» The problem
Could you transcribe exactly the lines below, from the line with "Stock photo of" through the line with "A circa-1870 stereograph", and nothing else, leaving out the pictures?

» Data extract
-----

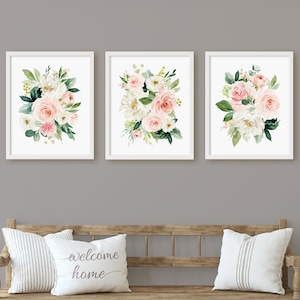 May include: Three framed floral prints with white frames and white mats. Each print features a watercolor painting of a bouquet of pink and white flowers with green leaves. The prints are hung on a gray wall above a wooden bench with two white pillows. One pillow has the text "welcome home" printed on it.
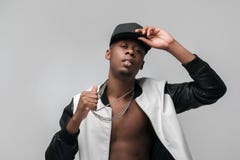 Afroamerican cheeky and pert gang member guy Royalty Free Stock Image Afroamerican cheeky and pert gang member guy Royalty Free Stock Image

-----

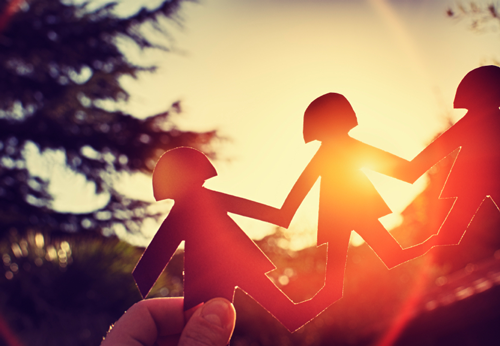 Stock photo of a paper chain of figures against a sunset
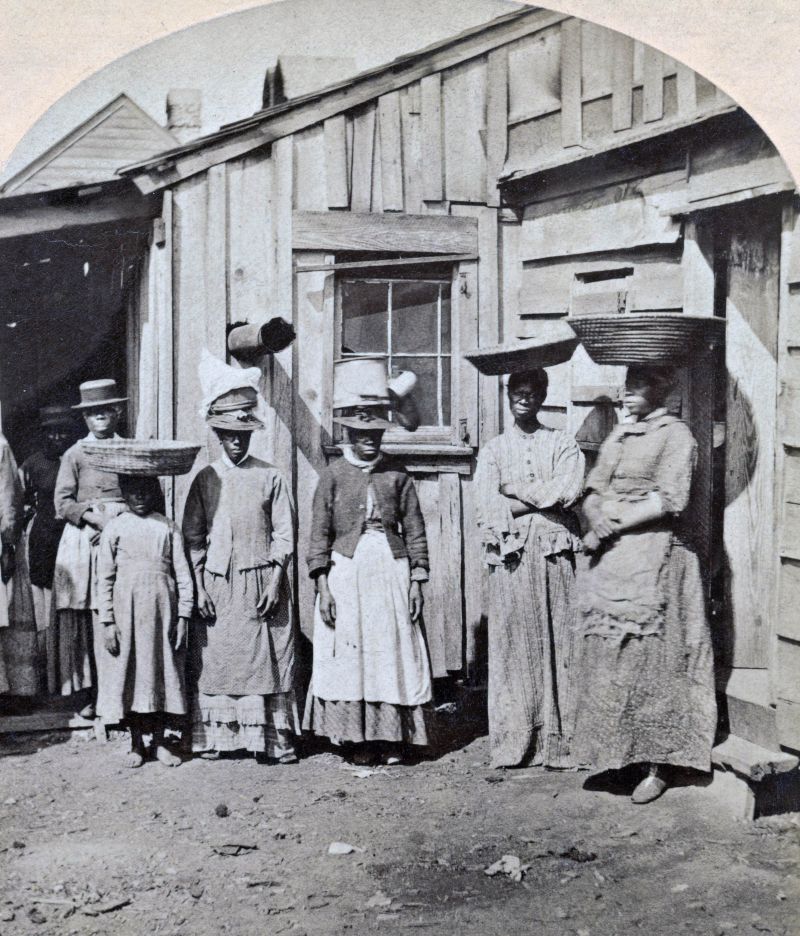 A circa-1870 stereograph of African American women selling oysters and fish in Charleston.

-----

» Problem solution
 Stock photo of a paper chain of figures against a sunset
 A circa-1870 stereograph of African American women selling oysters and fish in Charleston.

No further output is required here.